Giovedì 10 e venerdì 11 Febbraio, a Modena, presso il Dipartimento di Studi Linguistici e Culturali dell’UniMoRe, si terranno due giornate di studi sul Semplice (nel ricordo, tra l’altro, di Gianni Celati). Qui sotto il programma e, subito dopo, un mio piccolo pezzo sull’esperienza del Semplice, tratto da Come un sillabario (Mesogea, 2015).

https://www.dslc.unimore.it/site/home/archivio-notizie/articolo980025460.html

“Se volessi recuperare l’immagine di quando avevo vent’anni, sarebbe facilissimo, basterebbe aprire il portafogli ed estrarre la patente. A parte la mole di capelli mossi e corvini (che non ho più), il sorriso sempre presente sulle labbra (che non ho più), gli occhiali tondi (che non ho più) mi riesce difficile credere che potessi essere preso sul serio con una faccia del genere. […] Ricordo bene ad esempio l’ottusa presunzione che avevo in quegli anni, e la tendenza a darmi alla fuga quando qualcosa andava storto.

Quando ho incominciato a frequentare le riunioni del Semplice non avevo mai scritto una riga in prosa. Facevo i miei primi tentativi di scrittura proprio allora.
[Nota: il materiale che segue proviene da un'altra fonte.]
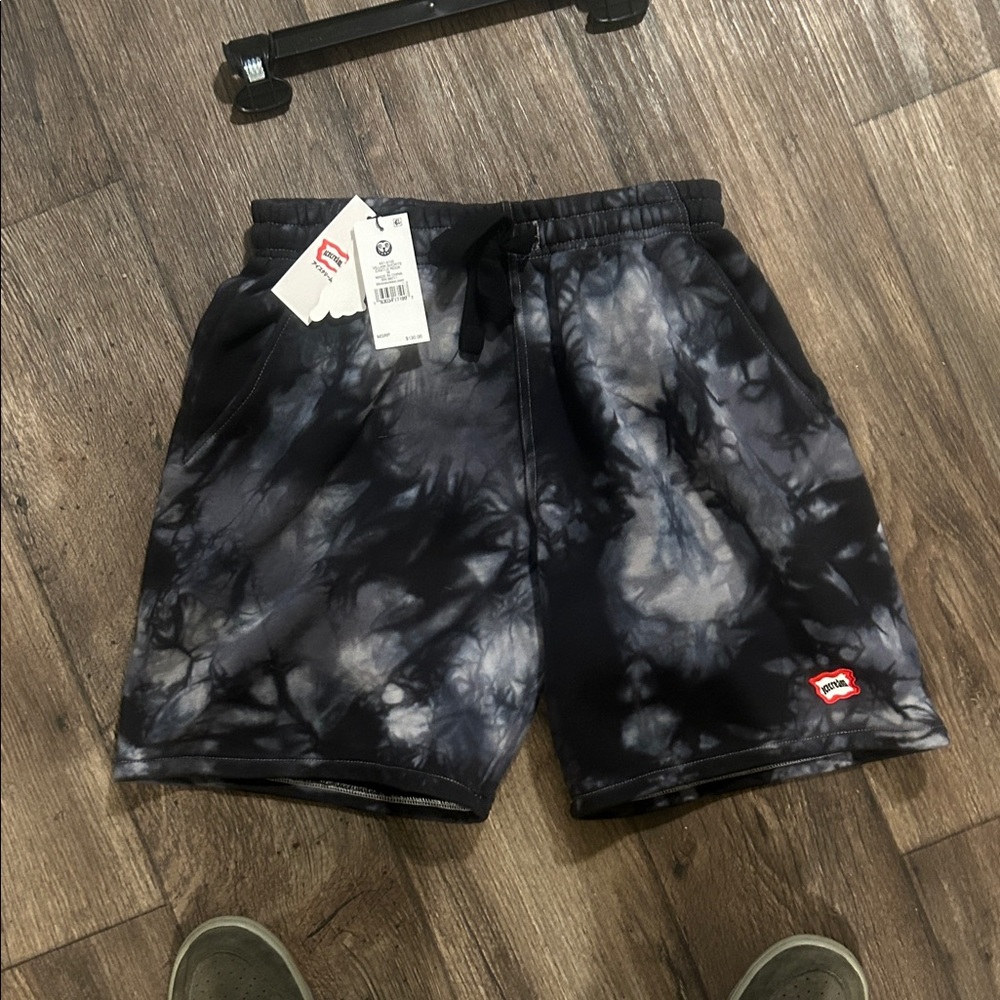 Ice Cream Black and Gray “Villain Shorts”Tie-Dye Shorts Size S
Capivo in quegli incontri un po’ di cose, che ancora oggi ritengo fondamentali, su che cosa voglia dire scrivere:

  1. che sebbene necessitino di una concentrazione solitaria, le faccende legate allo scrivere in prosa trovano alimento da un certo modo di stare insieme agli altri, di ritrovarsi tra amici, di scambiarsi esperienze;
  2. che alla attività della scrittura serve molto spaesarsi, dismettere i codici familiari e avventurarsi nell’aperto mondo;
  3. che tra scrivere e camminare c’è una relazione precisa, che non può non farsi largo ed essere percepita sulla pagina;
  4. che la lingua scritta deve essere il più possibile come agitata da un vento che la scuota un po’ dal torpore, dalla fissità che è propria della pagina tipografica;
  5. che è sempre opportuno andarsene in giro con un taccuino in cui scrivere quello che ti passa per la testa o che incontri per strada, esattamente come uno che ha la mania della fotografia, gira e rigira, ha sempre la macchina fotografica appesa al collo;
  6. che le cose migliori saltano fuori quando lasci da parte tutte le intenzioni e sai abbandonarti a ciò che accade;
  7. che, appunto perché scrivendo ci si abbandona un po’ all’aperto, agli accidenti casuali, niente si può pianificare fino in fondo;
  8. che la naturalezza e la semplicità sono il più difficile punto d’arrivo da raggiungere.

E una gran quantità di altre cose che sarebbe impossibile riassumere in poche righe”.